La primera vez que leí El golfo de los poetas, cuando era solo manuscrito, me sobrevino un intenso sentimiento de envidia. Y no me refiero a la sana envidia del que reconoce un gran libro, sino a una envidia de carácter mezquino, lo que se conoce vulgarmente como «envidia cochina». He de confesar que casi me indignó que alguien hubiera conseguido una primera novela tan sólida, tan bien trabada, tan madura.
Luego fui averiguando que Fernando Clemot había escrito infinidad de relatos breves y ganado por ellos multitud de premios, y, por tanto, era un escritor hecho y derecho. Aunque eso no restara ni un ápice del mérito de la novela, me tranquilizó en cierta manera, y me permitió explicarme su inmensa capacidad para la introspección, su dominio a la hora de abordar de manera simultánea tramas distantes en el tiempo, su impresionante capacidad —su don, cabría decir— para la metáfora explosiva que atrapa al lector de una manera casi física, apelando a sus cinco sentidos a la vez.

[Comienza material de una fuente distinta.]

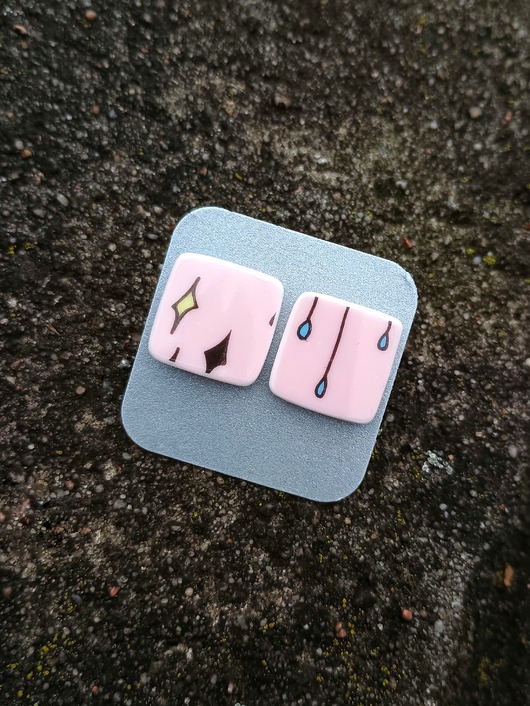 kolczyki ceramiczne Kolczyki ceramiczne różowe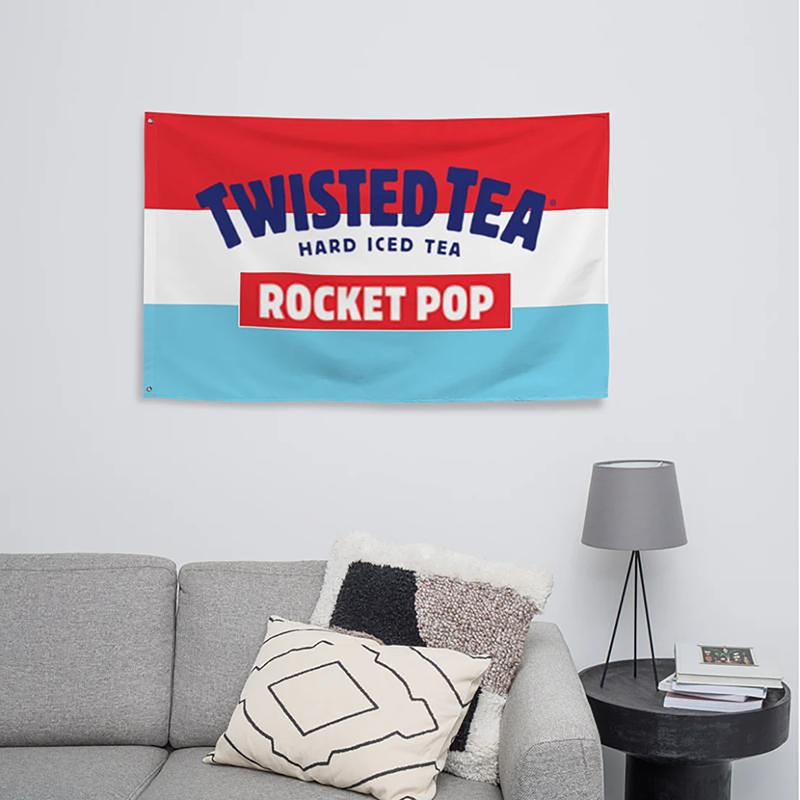 Rocket Pop Twisted Tea 3x5Ft Flags Tapestry for Man Cave Wall Indoor Outdoor Room Decor Bedroom College Dorm Banner with 4 Brass Grommets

No es habitual cruzarse con novelas así, desde luego, y mucho menos con novelas así que aún no se han publicado. Pero menos habitual es toparse con un personaje como Leo Carver, hilo conductor, alma y voz tras todas y cada una de las páginas de El golfo de los poetas. La intensidad, la fuerza que tiene este viejo escritor, sus dotes para explorar el pasado pero también para el autoengaño, para arrostrar la culpa y al mismo tiempo flagelarse, para llegar a lo más hondo del ser humano que es él y que también podría ser cualquiera de nosotros, remiten a nombres que han dejado las páginas de los libros para convertirse en iconos: el Ferdinand Bardamu de Viaje al fin de la noche, Ricardo Reis, el Meursault de Camus.
Leo Carver es uno de esos personajes que dejan poso; que, una vez terminada la novela, se quedan con el lector y le permiten ver el mundo de una manera distinta, y por ello más rica. Y quizá sea Leo Carver, el mayor acierto de El golfo de los poetas, lo que supone su único —ínfimo— inconveniente. Y es que un personaje así no puede desaparecer de la mente del autor, y me atrevería a pronosticar que volverá para rondar a Fernando Clemot en ficciones venideras, tal vez bajo otro nombre y de otra guisa, pero igual en su obsesiva revisitación del pasado y de lo que el recuerdo hace de nosotros y hace con nosotros.
Fernando Clemot. Leo Carver. Dos nombres que sin duda resonarán en nuestros oídos durante mucho tiempo, tanto como alcancemos a recordar aquellos libros que —superada la envidia mezquina— nos marcaron y dejaron huella en nuestra manera de afrontar la realidad, algo que está reservado únicamente a los grandes.